Amended Company Act requires profit-sharing

On May 1, 2015, an amendment to Company Act passed the third reading in the Legislature mandates that companies, when they are profitable in a given fiscal year, must allocate their annual pre-tax profits to employees.

According to the new amendment, the percentage of surplus profit distributable as employees’ bonuses shall be definitely specified in the Articles of Incorporation. But the amounts or proportion would be left to each company’s discretion. The bonuses can be either cash or stocks. Specifics of the bonuses shall be adopted by a majority of directors at a meeting attended by two-thirds or more of the total number of directors; and in addition thereto a report of such result shall be submitted to the shareholders’ meeting.

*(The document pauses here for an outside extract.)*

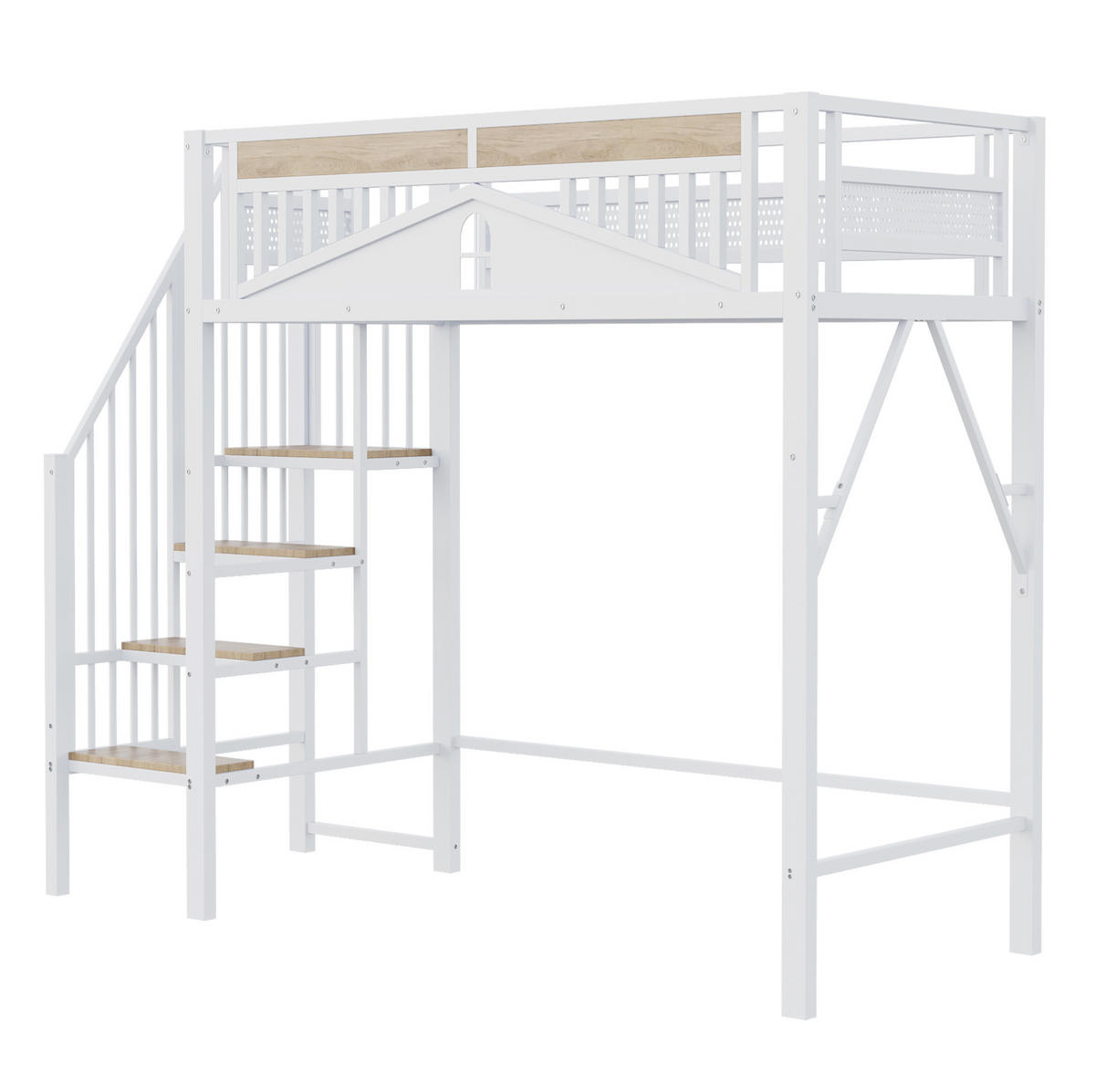 HOCHBETT 90/200 cm aus Metall und Holz mit Sicherheitsleiter und Stauraum Weiß - Weiß, Metall (90/200cm) - Modenvie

However, if companies have accumulated deficit from previous years, earnings should be channeled to cover losses and companies would not have to share a portion of the gains with employees.

The amendment changes the priority of how earnings will be distributed. The amended Company Act stipulates that employees are compensated before companies have made business income tax payments.

This new law is applicable to companies limited by shares as well as limited companies. But it will not apply to state-run enterprises unless the agencies overseeing them stipulate that profits should be shared.

Legislators on both sides of the political spectrum believe the provision will help address the nation’s wealth disparity problem and elevate the standard of living for average workers.